Data supplied:
***
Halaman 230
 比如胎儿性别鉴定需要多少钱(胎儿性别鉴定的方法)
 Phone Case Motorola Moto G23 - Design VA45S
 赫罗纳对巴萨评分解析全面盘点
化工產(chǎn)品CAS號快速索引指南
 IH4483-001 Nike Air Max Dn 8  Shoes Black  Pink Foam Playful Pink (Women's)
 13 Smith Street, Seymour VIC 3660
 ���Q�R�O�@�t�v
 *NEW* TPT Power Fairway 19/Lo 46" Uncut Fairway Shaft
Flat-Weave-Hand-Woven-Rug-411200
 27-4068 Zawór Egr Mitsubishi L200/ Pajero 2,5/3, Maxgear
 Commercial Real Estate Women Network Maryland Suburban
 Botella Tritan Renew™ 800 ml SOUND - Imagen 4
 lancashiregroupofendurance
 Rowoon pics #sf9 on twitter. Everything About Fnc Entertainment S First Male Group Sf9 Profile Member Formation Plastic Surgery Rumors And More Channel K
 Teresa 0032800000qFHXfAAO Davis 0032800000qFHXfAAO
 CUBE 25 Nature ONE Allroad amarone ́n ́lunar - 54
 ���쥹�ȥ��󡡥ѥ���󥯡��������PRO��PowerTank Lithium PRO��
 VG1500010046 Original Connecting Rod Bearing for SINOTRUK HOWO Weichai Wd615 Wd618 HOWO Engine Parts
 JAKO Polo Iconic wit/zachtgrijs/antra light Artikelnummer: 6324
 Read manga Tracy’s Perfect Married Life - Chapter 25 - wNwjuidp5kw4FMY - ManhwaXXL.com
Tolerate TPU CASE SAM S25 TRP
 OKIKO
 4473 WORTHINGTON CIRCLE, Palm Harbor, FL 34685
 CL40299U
***
Your instructions:
Print exactly the lines that run from the line containing "Read manga Tracy’s" to the end of the data, both ends included.

Output for this exercise:
 Read manga Tracy’s Perfect Married Life - Chapter 25 - wNwjuidp5kw4FMY - ManhwaXXL.com
Tolerate TPU CASE SAM S25 TRP
 OKIKO
 4473 WORTHINGTON CIRCLE, Palm Harbor, FL 34685
 CL40299U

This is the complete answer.